“CAM’S group text scandal” screamed yesterday’s front page in The Sun.

Apparently, Cameron and his aides are using encrypted What’s App messages to discuss the EU Referendum to keep the plan secret from the Leave campaign.

The Times yesterday preferred to concentrate on Sir Philip Green being at risk of losing his knighthood over the BHS collapse.

Where, where, was the nationally-important verdict on the Hillsborough disaster?

News judgement, I’ll admit, is a subjective thing.

But when, and how could these mediocre front page stories be deemed as more important than a 27-year fight for justice, a police cover-up - indeed, a national scandal?

The Murdoch empire has lost its way spectacularly over this one. Executives must have realised their mistake on Wednesday night.

Very quickly The Times, whose front page picture had been a snowy scene, changed the picture in its later editions to the Hillsborough families. A small concession, in the face of national uproar.

Twenty-seven years on, The Sun still doesn’t sell on Merseyside. The memories of the people there are long, and rightly so. The Hillsborough disaster is etched on to its collective consciousness, and will be for a very long time to come.

This was so much more than a tragedy, although it was unquestionably that. Former Liverpool keeper Bruce Grobelaar is still haunted by the memory of looking behind the goal during the 1989 match and watching panicked faces pressed up against the fences, voices calling, “Help me”.

A serious error of editorial judgement 27 years ago, when the Sun’s front page “The Truth” claimed drunk Liverpool fans urinated on police officers and stole from victims, could in part be explained away by the fact the newspaper had information from that most reliable of sources: South Yorkshire Police.

As a reporter, I have at least a little sympathy for this. Generally, we trust the police as sources of news. We do take a lot from Her Majesty’s Constabulary at face value. The Sun was tipped off by a “trustworthy” police source, although perhaps the reporters at the time should have looked at who might be pushing their own agenda. It later emerged officers had even been urged to change their pocket notebooks to cover up the force’s failings.
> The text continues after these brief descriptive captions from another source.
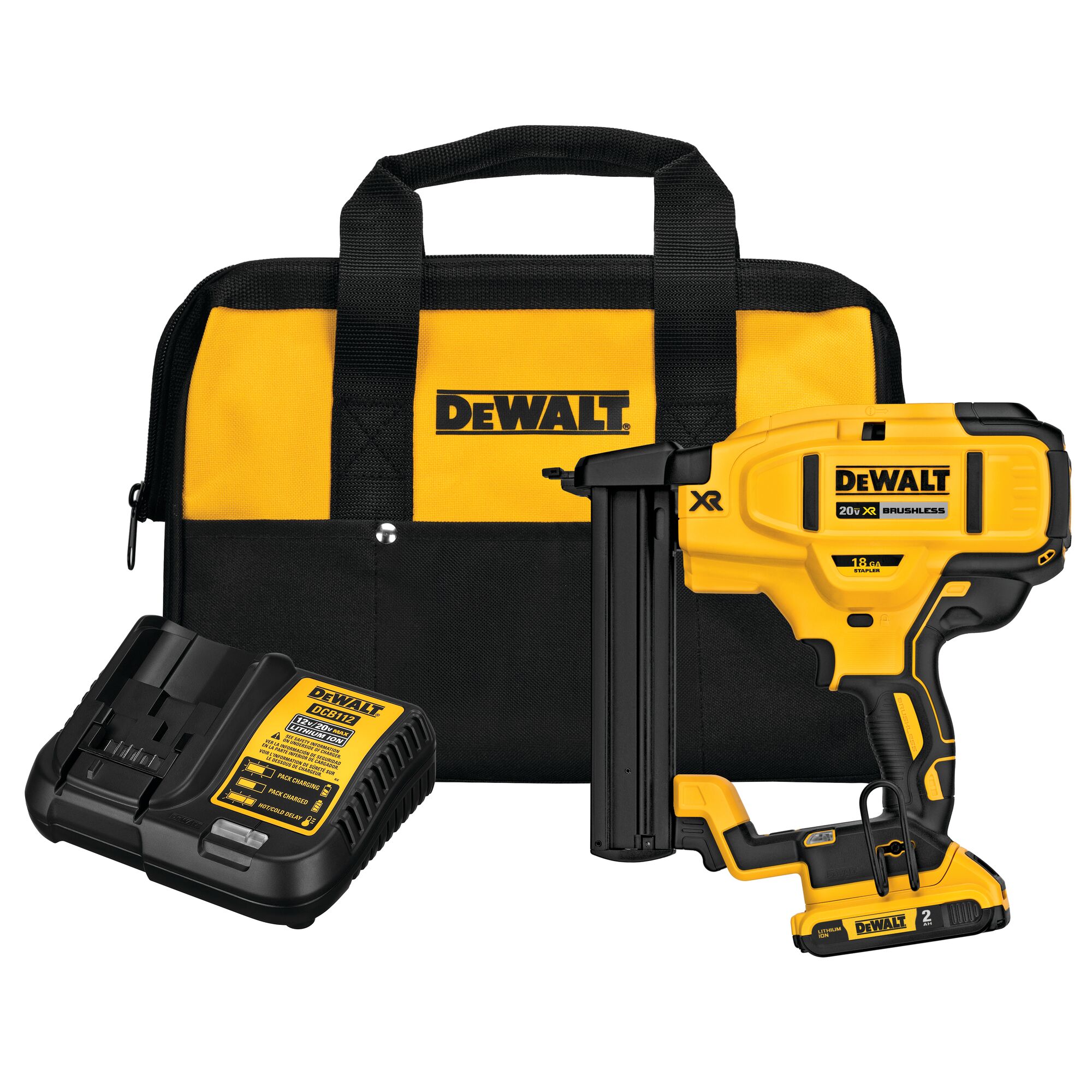DEWALT DCN681D1 20V MAX XR 18 GA Narrow Crown Stapler Kit - Image 2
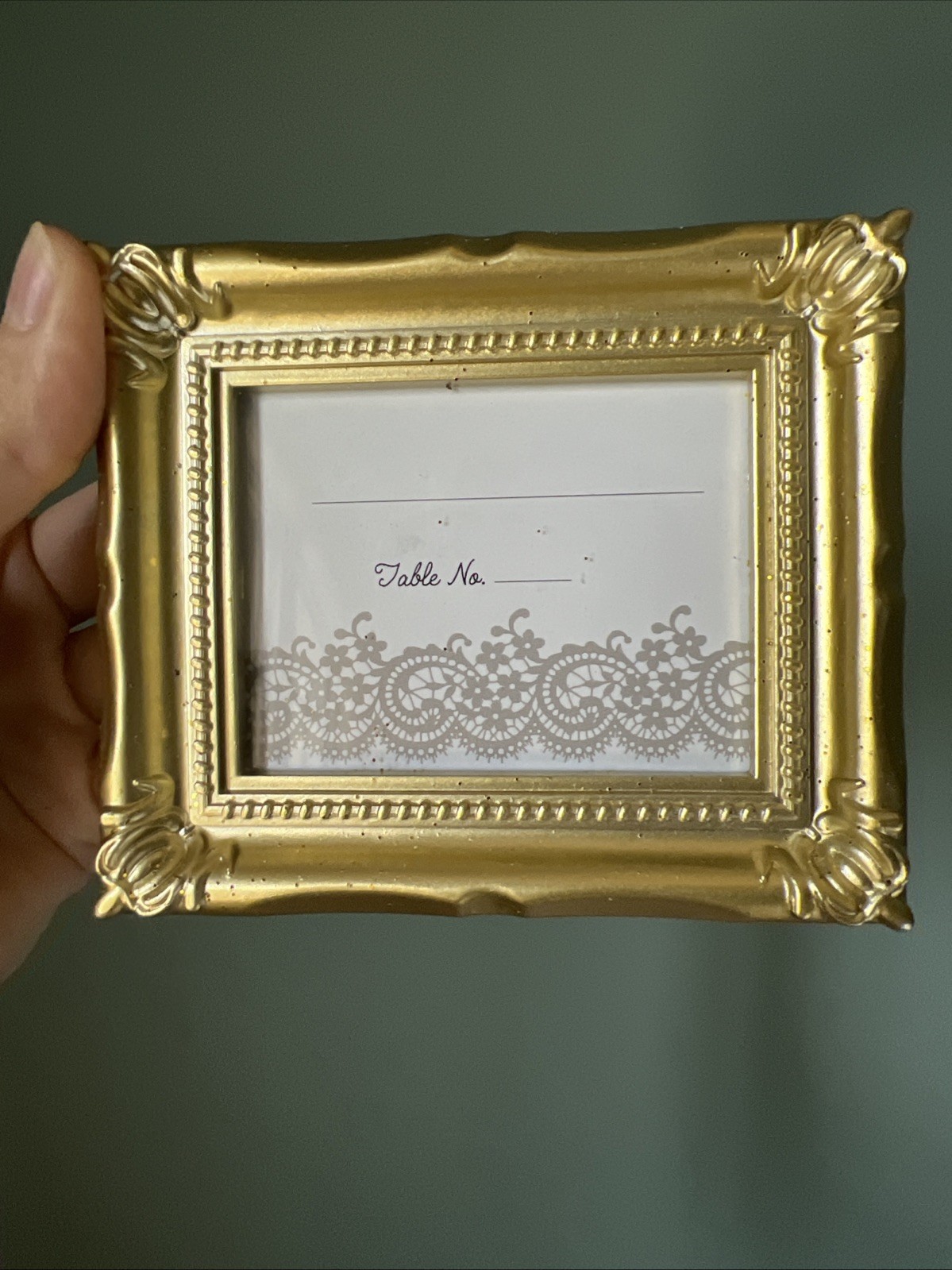 Small Miniature Frame Gold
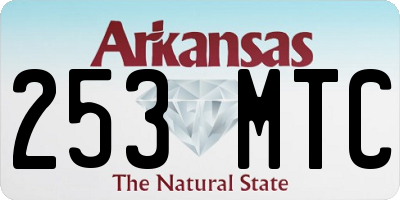 AR license plate 253MTC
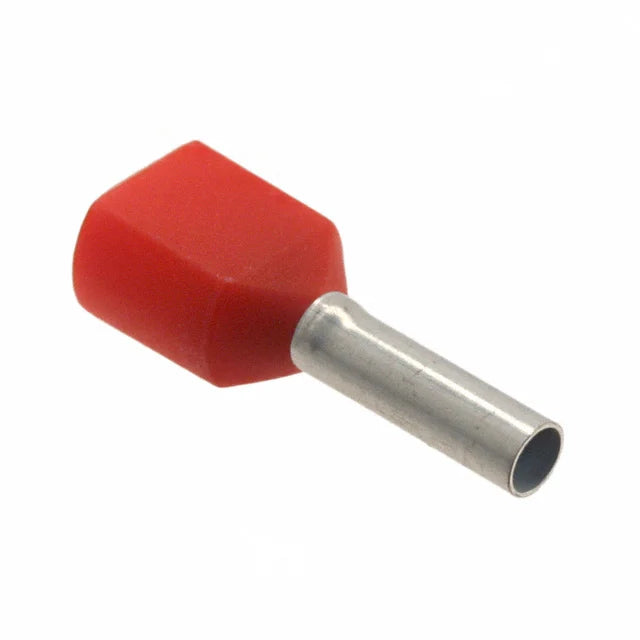 PHOENIX CONTACT PUNTERA DOBLE 18AWG ROJO 8mm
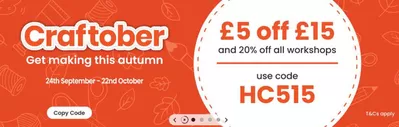 Home & Furniture offers in Dundee | Get Making This Autumn  in Hobbycraft | 01/10/2024 - 22/10/2024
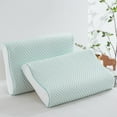 thumbnail image 4 of EazyTech Cooling Massage Pillowcase for Contoured Support ,16x24in Breathable Thin Summer Pillow Case for Neck, Cervical Pillow,Latex Pillow ,Wrinkle & Stain Resistant for Home Comfort Green, 4 of 8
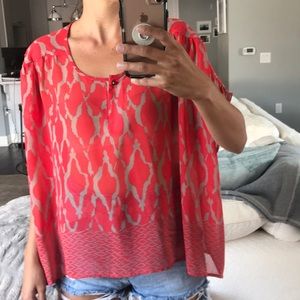 Coral top
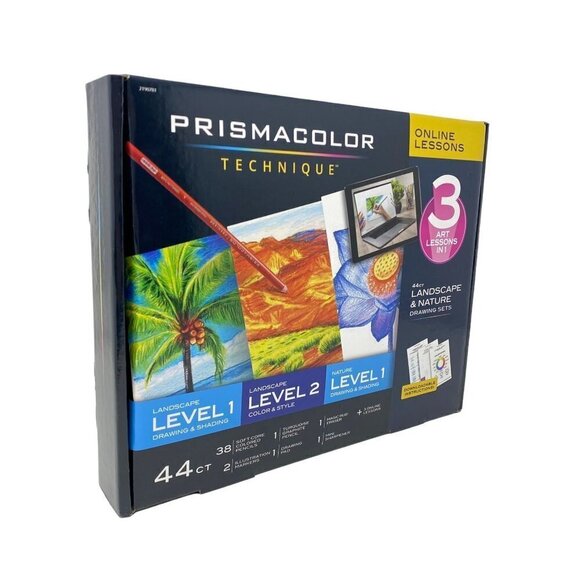 Prismacolor Technique 44ct Landscape & Nature Drawing Colored Pencils Digital - Picture 3 of 7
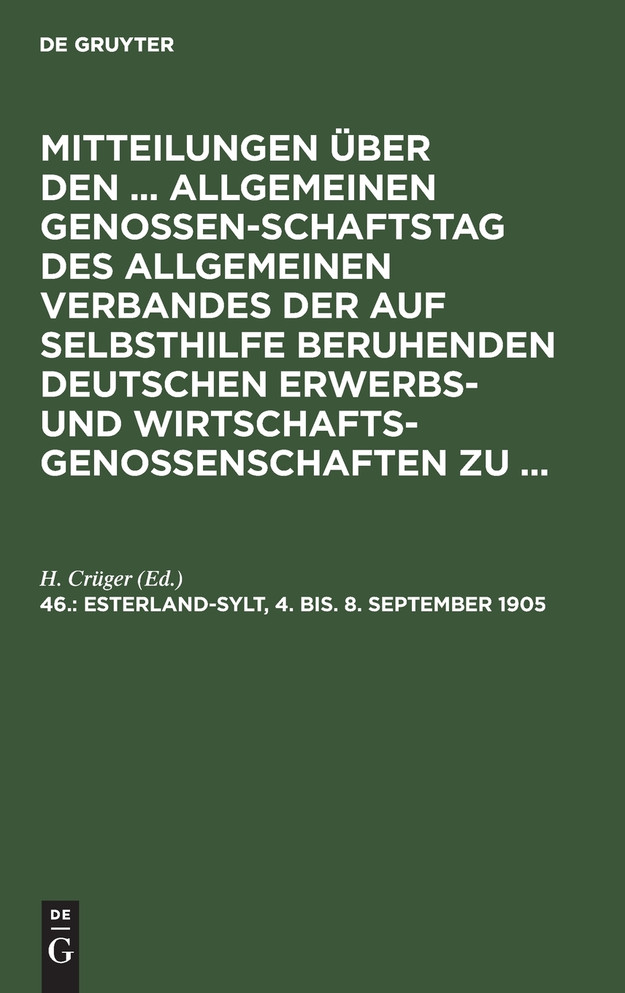 esterland-Sylt, 4. bis. 8. September 1905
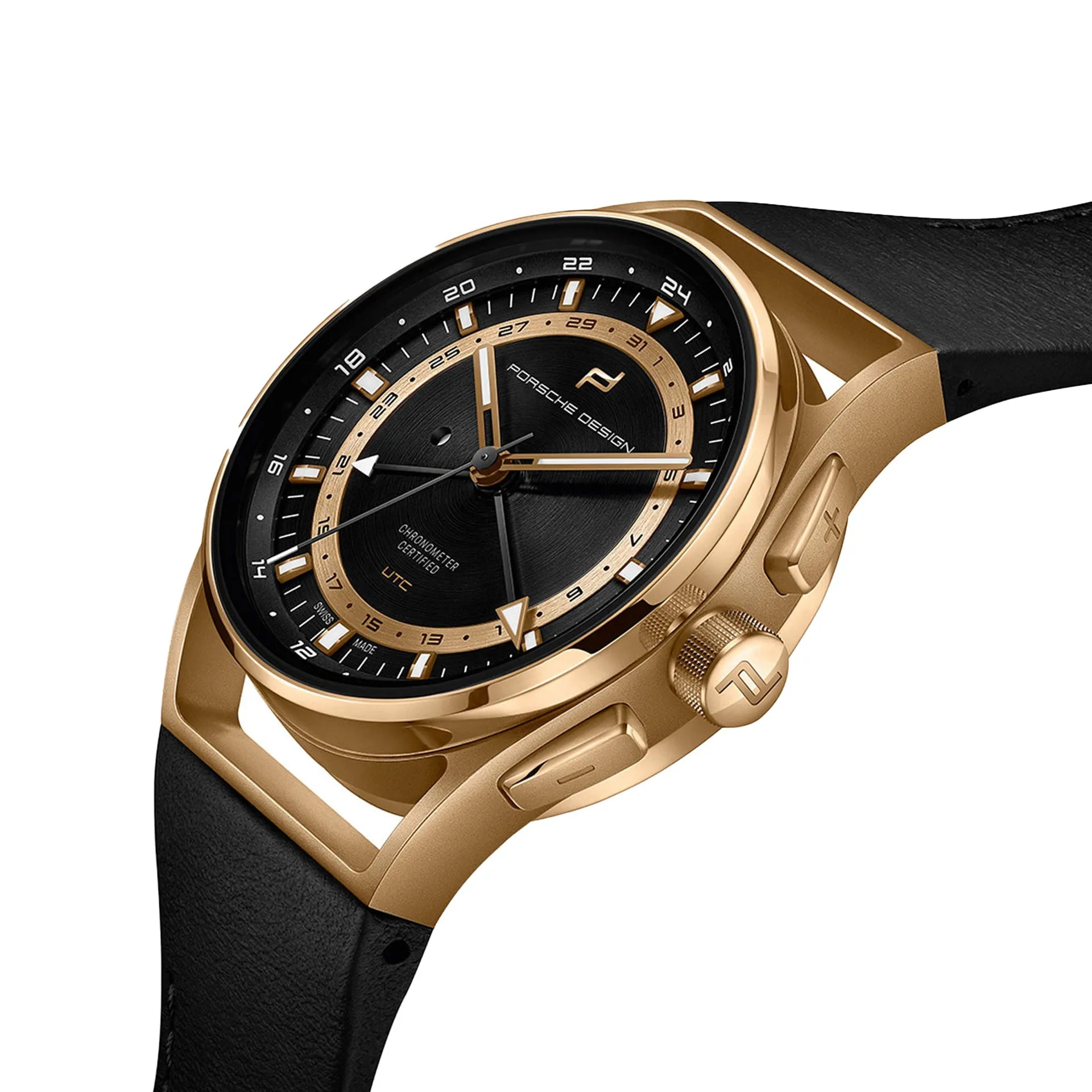 Porsche Globetimer 1919 Gold Edition Watch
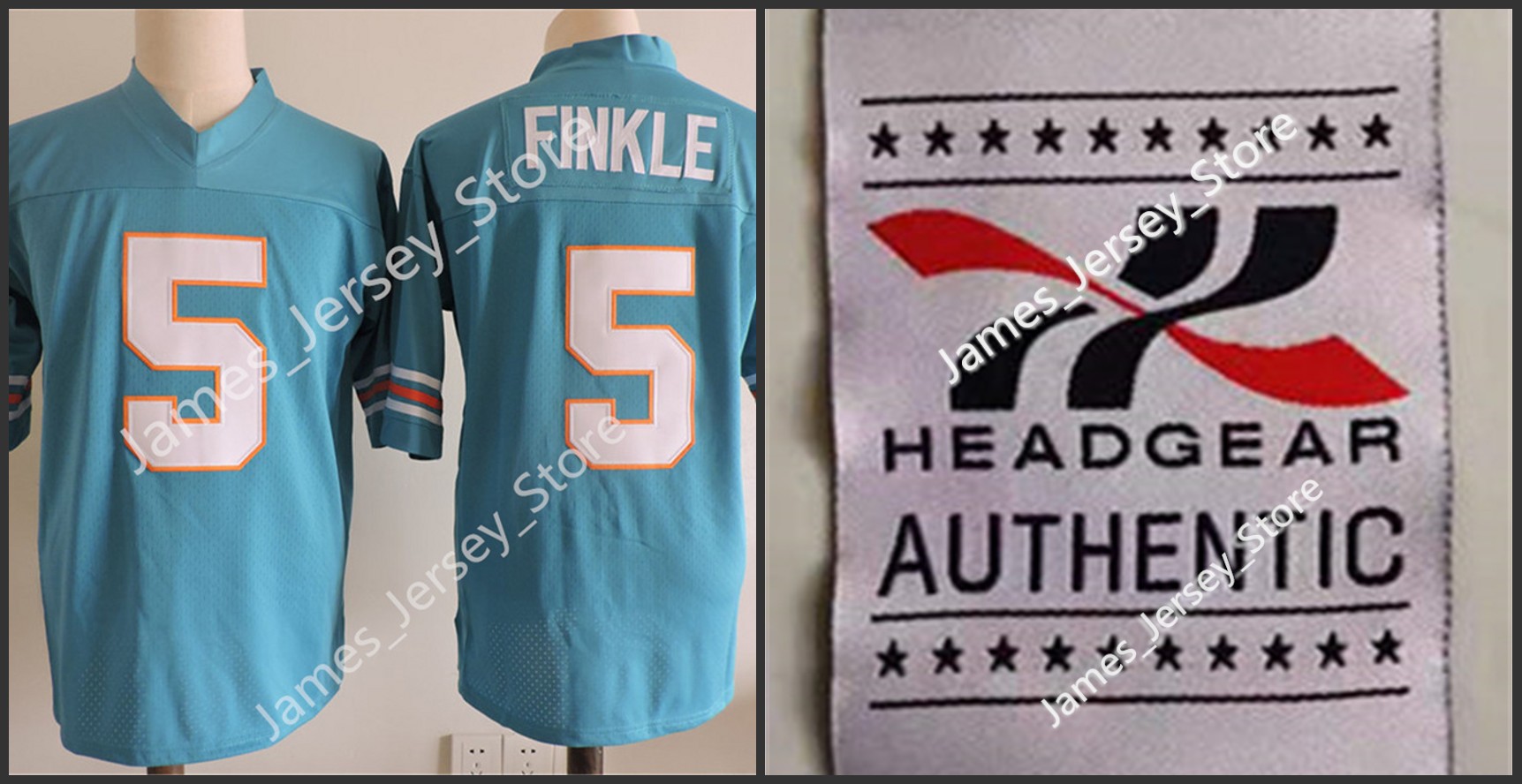 

Men's The Ace Ventura Movie #5 Ray Finkle Teal Green Football Jersey, 5 ray finkle football jersey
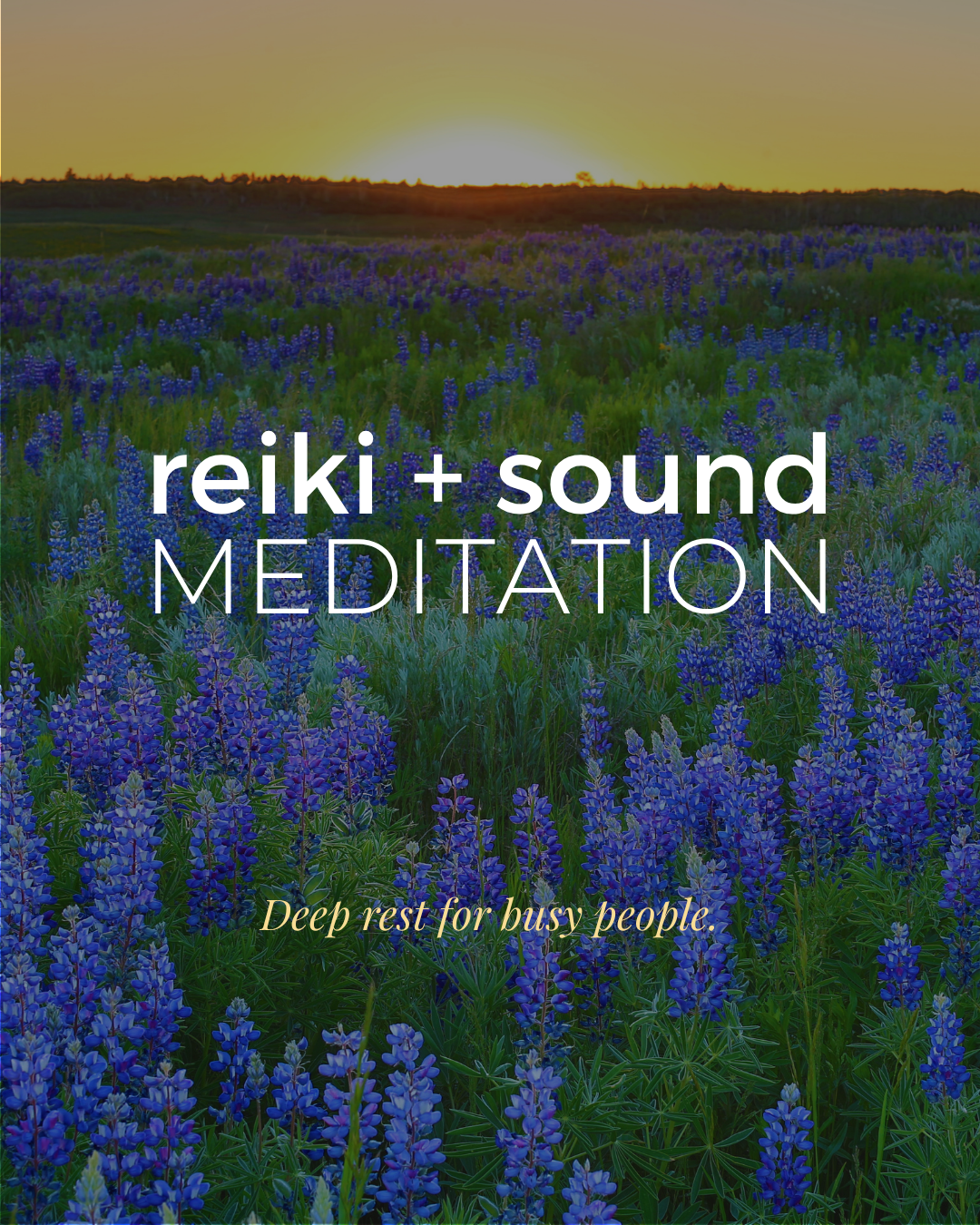 Reiki + Sound Meditation (Virtual)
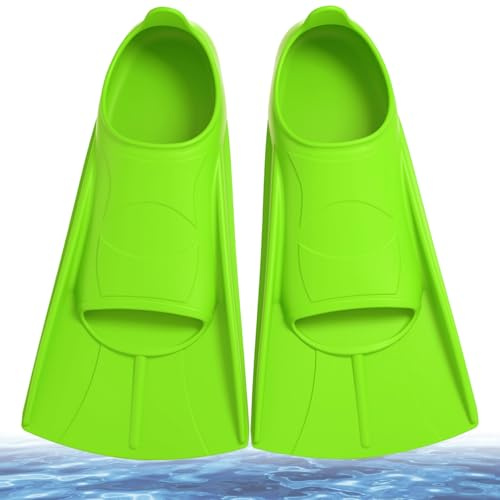 Simfenor för barn, silikon snorkelfenor korta, korta fenor barnfenor korta träningsfenor dykfenor simfötter för barn vuxna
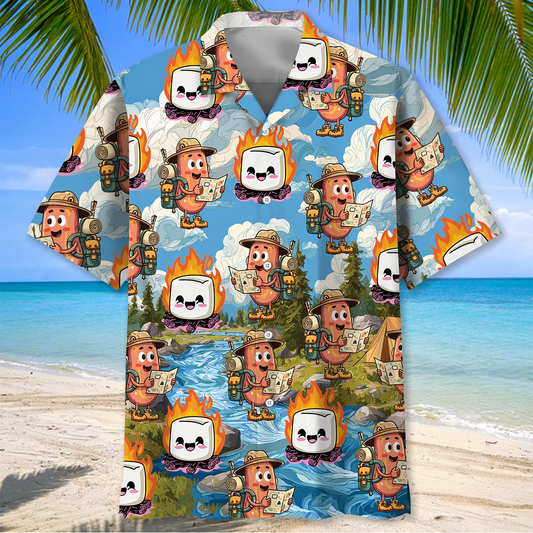 Unijames Funny Hotdog Adventure Hawaiian Shirt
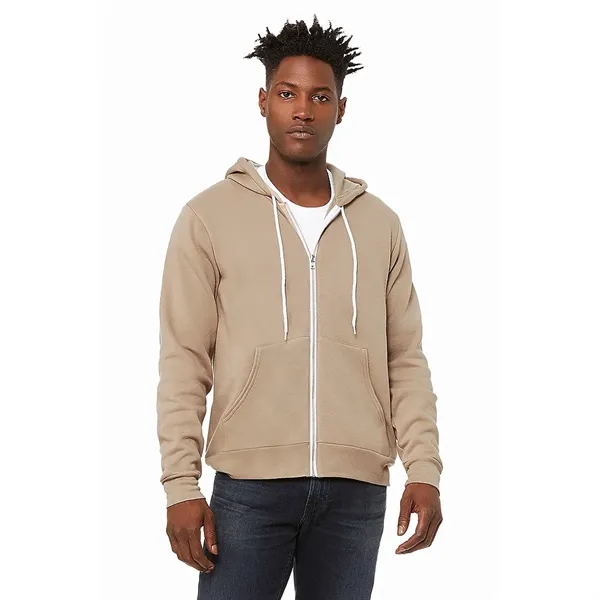 Bella+Canvas Unisex Poly-Cotton Fleece Full-Zip Hoodie - Bella+Canvas Unisex Poly-Cotton Fleece Full-Zip Hoodie - Image 33 of 50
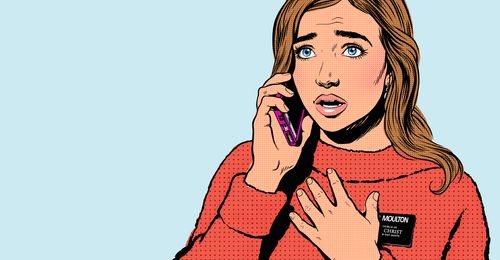 young woman on phone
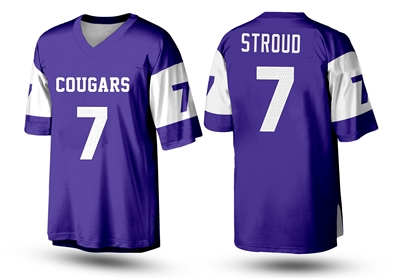 C. J. Stroud Houston Texas  football Jersey Sewn
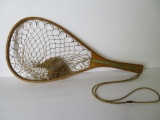 Vintage Ed Cummins (Flint, MI) Fishing Hand Net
It was just too easy for the police to smear a city long associated with unfounded negative stereotypes.

Despite that, and the fact the newspaper ran a front page apology, The Real Truth, in 2012 after an independent inquiry exonerated Liverpool fans of any blame, it completely ignored the outcome of Tuesday’s inquest verdict on its front page. It is unforgivable – even arrogant.

It did run two pages on the inquest’s verdict on pages 8 and 9, and dedicated an editorial to it, but the omission from its front page was particularly striking - and disrespectful to the memories of the 96 victims.

Murdoch claims to have no editorial input into his two best-selling British titles – but if that is the case, how could both have glossed over such an important and controversial story so spectacularly?

The national press has great power at their fingertips. That power is not always used responsibly. The purpose of a free press is to hold those in power to account, with reporters who will expose that which is in the public interest, to promote democracy by uncovering the truth.

It is dangerous when those who own those titles flirt with the Establishment to such an extent that the truth becomes a casualty.